Meet Charlie Vaughan, Northern QLD Vet

Where are you based?

Townsville, QLD

Why are you a YLEN member?

I am new to the industry without an existing network, and it was an obvious choice to increase the chance of meeting like-minded people to learn from and socialise with. But then, once paid up, the litany of other benefits such as personal development opportunities and being part of a formal body to represent interests in the industry became apparent, ensuring a membership renewal for years to come.

What do you do for an occupation?

I am the Queensland Operations Coordinator for Australian Cattle Enterprises as well as a sole trading Cattle Veterinarian focusing on services to the pastoral and export sectors throughout Northern Australia.

Tell us about your connection to the Agricultural Industry?

I was born to a mixed farmer/grain trader and an animal health officer, so agriculture was and has been a centre point to my upbringing and life thereafter. Boarding school and the associated urban vortex probably dragged me away from a little bit shortly after school, a stint jackarooing and then returning to university to study veterinary science whilst managing a rural retail business. The connection was well and truly reinstated. Harvests and contracting filled in nearly all spare time away from uni, not already doing a degree associated placement. Toward the end of my degree, contracts were drawn to begin pastoral services and export work as a vet, but the advent of COVID put a spanner in the works and instead, I went to manage a cropping development in Far North Queensland and try and make it on my own as a cattle vet on the side. But once I saw the potential in a position with ACE based in Townsville, I pursued it and subsequently, it allowed me to enter the export supply chain on a permanent and frankly life-changing basis.

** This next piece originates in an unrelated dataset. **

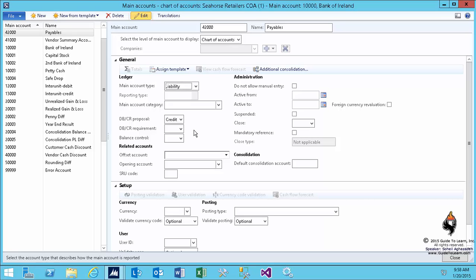You could also choose an expense if you like. It doesn't matter what type of account you're going to use for this demonstration, but I decided to go with the liability at this time. That means I'm liable to pay this vendor. How much? I'll look at the vendor summary account—so it's an offset.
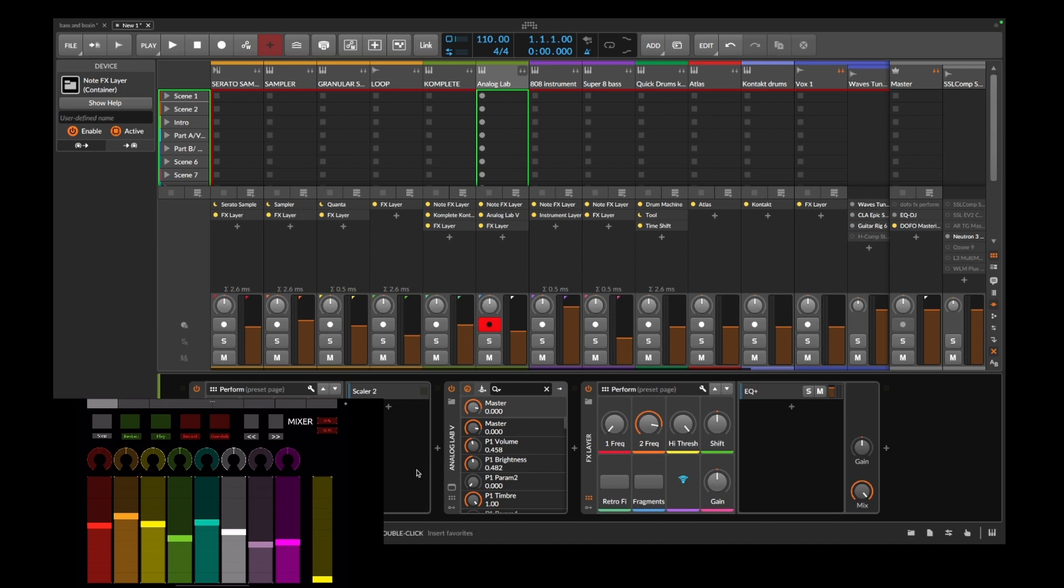So yeah, this is how you can control Bitwig Studio and your DAWs with your iPad with TouchOSC. If you like this video, please remember to share with your friends, like and subscribe. All right, I will see you in the next video.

What excites you about the Young Livestock Exporters Network?

I’ve been guilty at times of letting my passion for ag escape to unwilling ears after a few too many barley-based refreshments. Still, I think the most exciting thing about YLEN is that these (passionate, one way) conversations are often reciprocated rather than met with the polite nod of a head whilst an escape plan is generated to get away from the clown banging on about anything from SE Asian markets to land clearing and everything in between.

Tell us one interesting fact about you?

I can’t think of one, really, but I suppose something that not many people would know nor associate me with is a touch of artistic flair… I was once the recipient of a studio arts award and initially left school to study architecture.

What most excites you about the future of Agriculture?

Everyone’s got to eat, and we can always strive to do better, whether it’s welfare, efficiencies, PR or education. It’s not going to get boring for a long time yet.